CINCINNATI — It’s almost back-to-school time. For parents, that can mean spending between $50 and $100 per child on school supplies like folders, pencils, calculators and backpacks.
That’s not a hardship for people of means. But for those on a tight budget, it can be a problem. And there are more of those than you might think.
For instance, in Cincinnati Public Schools, about four out of five students qualify for free or reduced-price meals, which indicates that their families’ resources are tight, said Public Affairs Director Janet Walsh.
In Boone, Kenton and Campbell counties in Kentucky, almost 43 percent of the 40,000 public school students qualify for free or reduced-price lunches.
At Collins Elementary in Boone County, 100 percent of the students qualify, said Family Resource Center coordinator Kathy Oehler.
“We have families living with other families, families that stay in hotels … it’s a very transient population here,” she said. For some of those families, which have up to 10 children, buying school supplies is a real hardship, she said.
Fortunately, some local churches have stepped up to purchase school supplies for children in the Tri-State. For Collins Elementary, those churches are Richwood Presbyterian, 7 Hills Church in Florence and Florence Christian Church.
The latter purchases and distributes school supplies to 16 of Boone County’s 23 public schools, said Maleah Rhodes, who coordinates the program for the church.
For many years, the church simply set out a box for members to fill with supplies. In 2008, Rhodes was asked to drop the box off at Florence Elementary; there, she was shown the school resource center, where goods for needy students are kept.
“I was stunned,” Rhodes said. “I had no idea this level of poverty existed that near to where we all live and work ... I said, ‘We’ll do better next year.’”
The next year, the church raised $300 to buy supplies. Each year, the program grew and more schools were added. Last year, the church raised more than $3,200.
Every summer about this time, Rhodes and her team of volunteers commandeer the church’s activity center and transform it into an assembly line for filling backpacks with protractors, erasers and notebooks.
“The response of the congregation has been phenomenal,” she said. “It’s nothing I could have imagined back in 2009.”
It’s incredibly rewarding for her, she said, because she grew up in poverty. Her grandmother made sure she had all her school supplies, she said, but “not every kid has a family member who can make this happen.”
At Forest Chapel United Methodist Church in Forest Park, buying school supplies is part of a partnership the church has with nearby Winton Woods Primary North Elementary School.

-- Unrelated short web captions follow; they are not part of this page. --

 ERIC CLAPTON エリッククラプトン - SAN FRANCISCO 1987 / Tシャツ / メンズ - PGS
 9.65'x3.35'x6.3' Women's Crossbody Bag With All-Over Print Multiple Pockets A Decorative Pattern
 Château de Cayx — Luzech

That partnership includes having some members of the church spend class time reading to the students, said Evelyn Jones, co-chairman of the church’s school supplies committee.
Every year, the principal gives the church a list of items the students need. The committee typically raises about $1,200 to buy them, chiefly through donations from local businesses.

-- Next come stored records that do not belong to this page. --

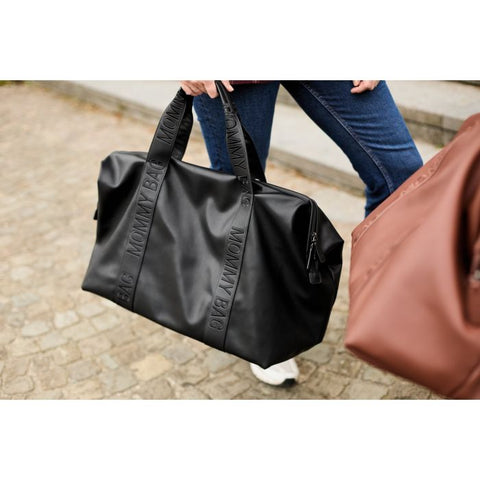 Mommy Bag Signature Simili Black Vegan Leather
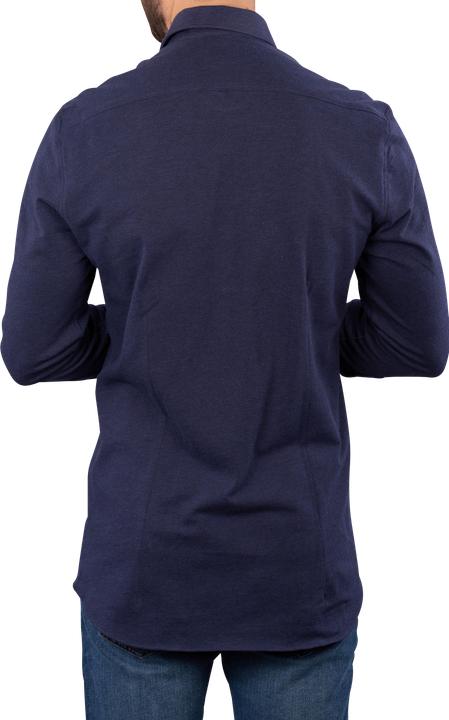 Produktbild The Basics Hemd Modern Fit Hai bügelleicht uni blue (M)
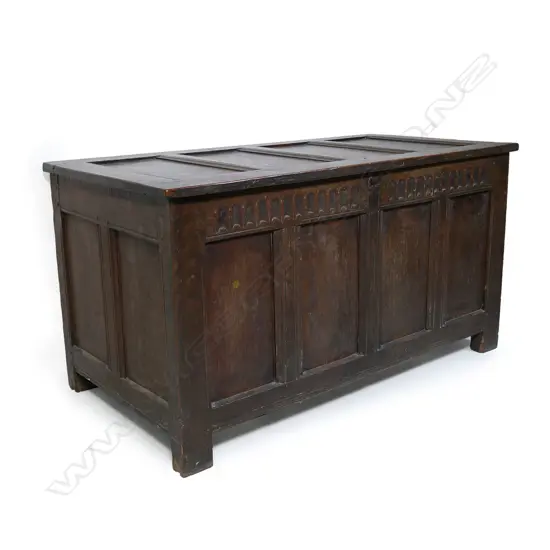 A George III oak coffer,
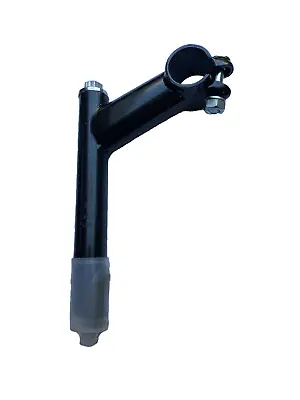 QUILL HANDLEBAR STEM 22.2mm (1  ) INCH 70mm REACH MOUNTAIN BIKE HYBRID BLACK • £3.99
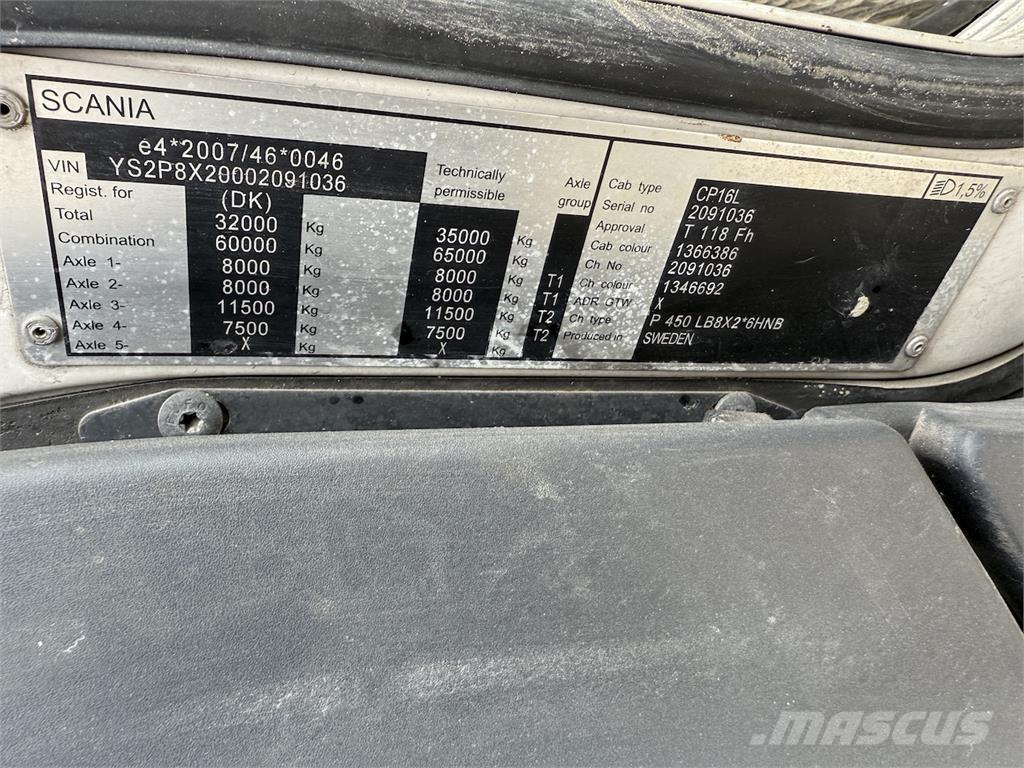 Scania P450 Euro6 Αποφρακτικά οχήματα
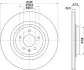 Тормозной диск HELLA (8DD355117721) изображение 4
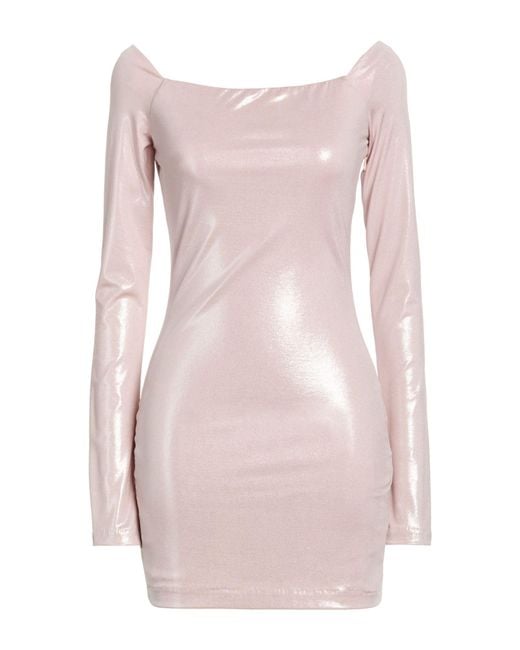 Aniye By Pink Mini Dress Polyester, Elastane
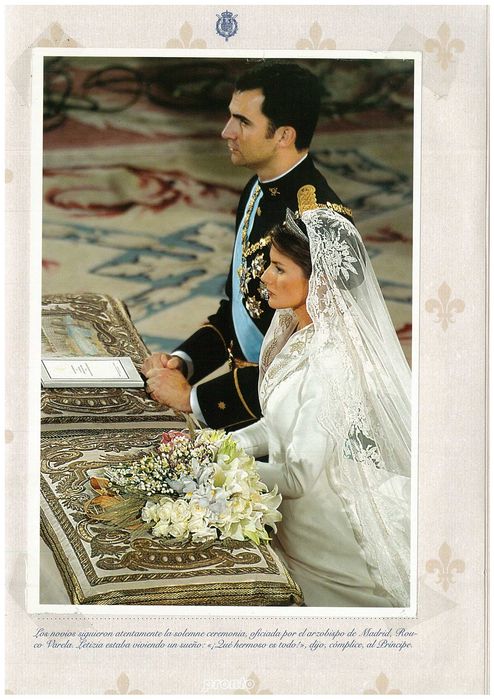 ÁLBUM FOTOS BODA REAL FELIPE Y LETIZIA - REVISTA PRONTO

The church delivers the items to the school for distribution to the students, Jones said.
“We have a wonderful pastor who’s big on … taking our ministry from the building out to the community,” she said.
In eastern Hamilton County and in Clermont County, about 40 churches support Inter Parish Ministry, a faith-based nonprofit that supplies food and clothing to needy families.
On Aug. 5 at Mount Carmel Christian Church, the ministry will hold its annual school supply giveaway to its clients. They will receive backpacks, school supplies and $25 gift cards to Payless so they can have new shoes for school, said Sarah Cadle, the ministry’s service coordinator.
Last year, 253 children were helped in the giveaway, including high school students. Most school supply drives don’t include high school students, Cadle said, because some of the things they need are pretty expensive.
About 10 of the ministry’s member churches participate in the back-to-school giveaway, Cadle said. It’s a real ecumenical bunch that includes Faith United Church of Christ, St. John Fisher Roman Catholic Church, Indian Hill Church (Episcopal/Presbyterian) and Horizon Community Church.
It takes about 50 volunteers to sort through the supplies, box them up, haul them to the church, unload them and give them to the client families. They work closely with the clients and spend time with them, Cadle said.
“It is really a feel-good program for everybody,” she said. “The clients are so appreciative.”